TASK DIRECTIONS:
Task for the records below: please copy exactly, and only, the lines from the one containing "Page n°1 - Manuel" to the last line, both included, leaving out the pictures.

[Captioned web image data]
§ §

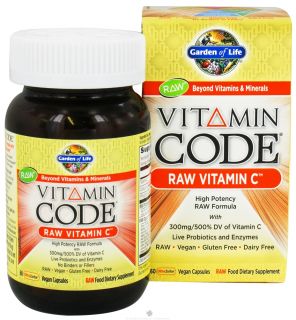 Garden of Life   Vitamin Code Raw Vitamin C   60 Vegetarian Capsules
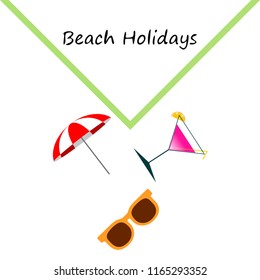 beach umbrella sunglasses cocktail beach holiday vector background
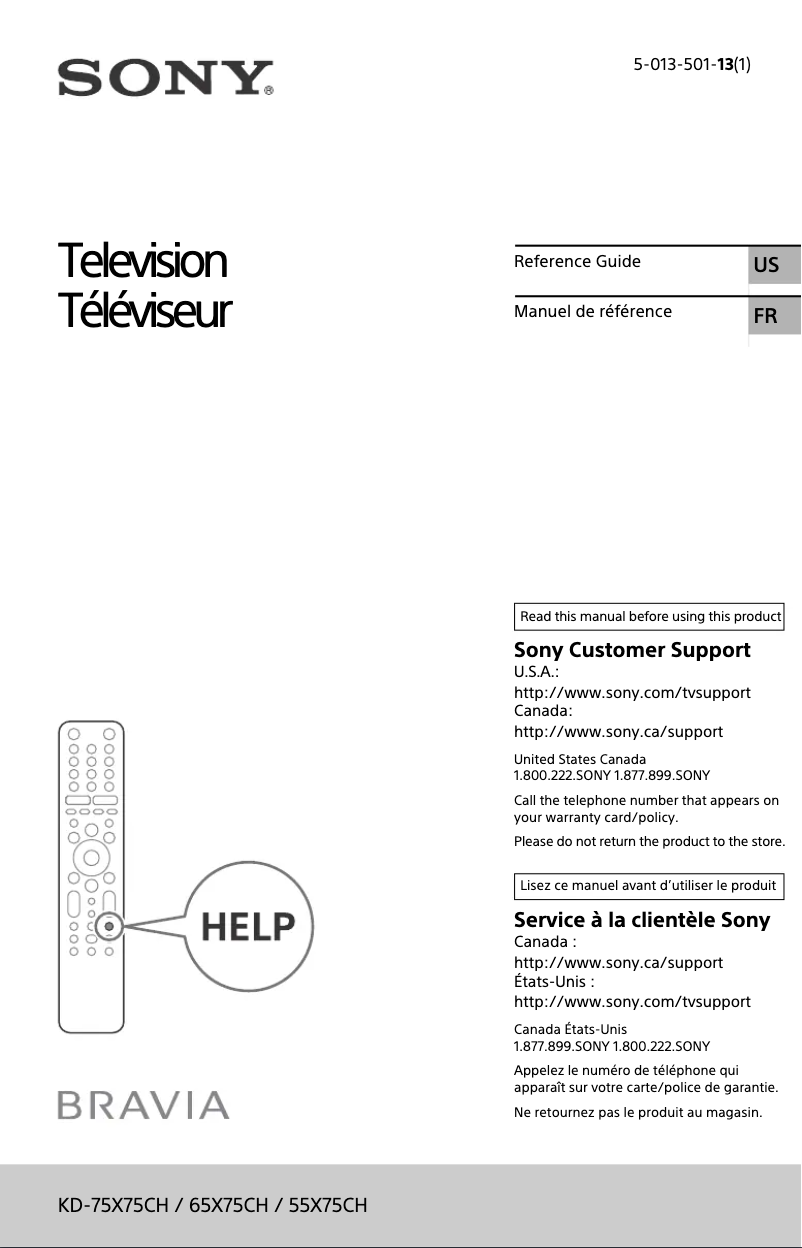 Page n°1 - Manuel utilisateur Sony Bravia KD-65X75CH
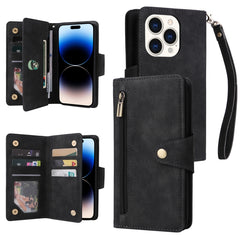 Rivet Buckle 9 Cards Three Fold Leather Phone Case, For iPhone 14, For iPhone 14 Plus, For iPhone 14 Pro, For iPhone 14 Pro Max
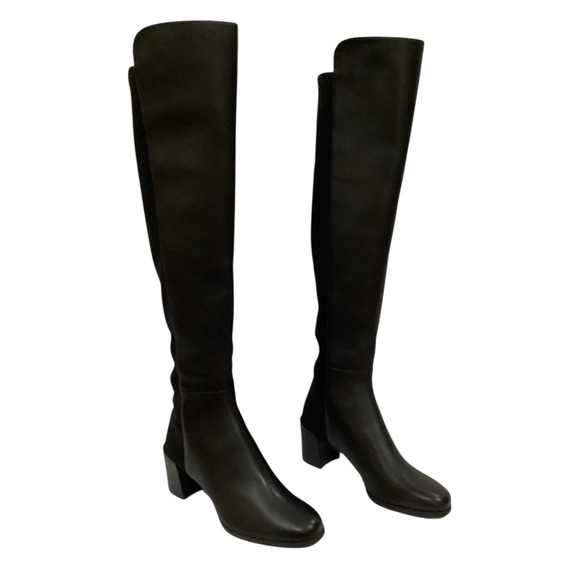 Stuart Weitzman City Block Boot Nappa Leather Over The Knee Boot In Black Size 9 - Picture 2 of 14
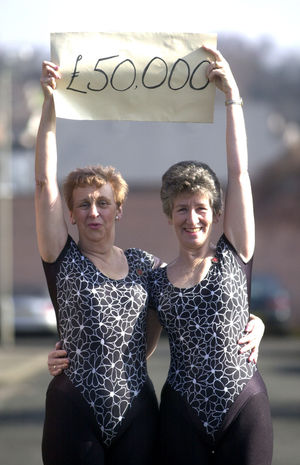 Christine Taylor (left) and Jean Hughes from the Wordsley Keep Fit group raised over £50,000 in 2001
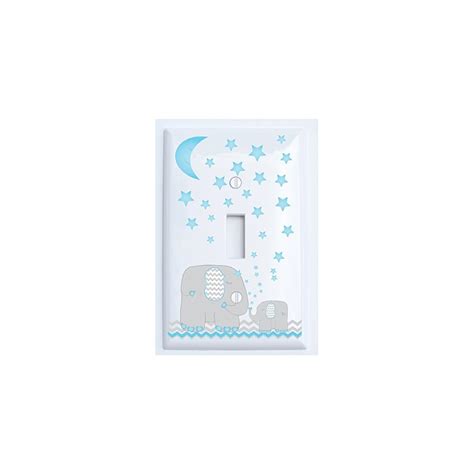 Buy Blue Moon and Stars Elephant Light Switch Plate Cover with Grey ...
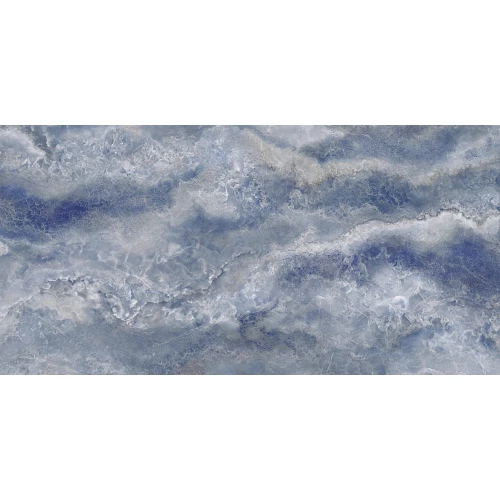 Керамогранит Tagina Onyx Diamond Aquaris Luc Ret глянцевый голубой 148055 120х60 см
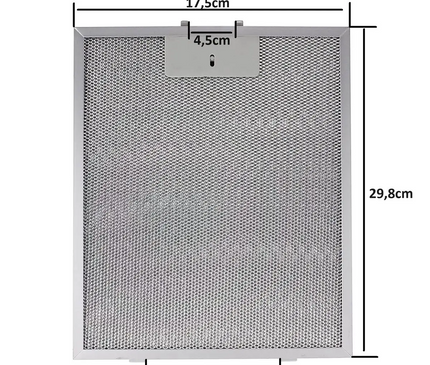 298×175 mm Davlumbaz Filtresi Vinola 29.8×17.5 CM , Arka Klipsler 12,5 cm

§ §

ANSWER BOX:
 Page n°1 - Manuel utilisateur Sony Bravia KD-65X75CH
 Rivet Buckle 9 Cards Three Fold Leather Phone Case, For iPhone 14, For iPhone 14 Plus, For iPhone 14 Pro, For iPhone 14 Pro Max
 Stuart Weitzman City Block Boot Nappa Leather Over The Knee Boot In Black Size 9 - Picture 2 of 14
 Christine Taylor (left) and Jean Hughes from the Wordsley Keep Fit group raised over £50,000 in 2001
 Buy Blue Moon and Stars Elephant Light Switch Plate Cover with Grey ...
 Керамогранит Tagina Onyx Diamond Aquaris Luc Ret глянцевый голубой 148055 120х60 см
 298×175 mm Davlumbaz Filtresi Vinola 29.8×17.5 CM , Arka Klipsler 12,5 cm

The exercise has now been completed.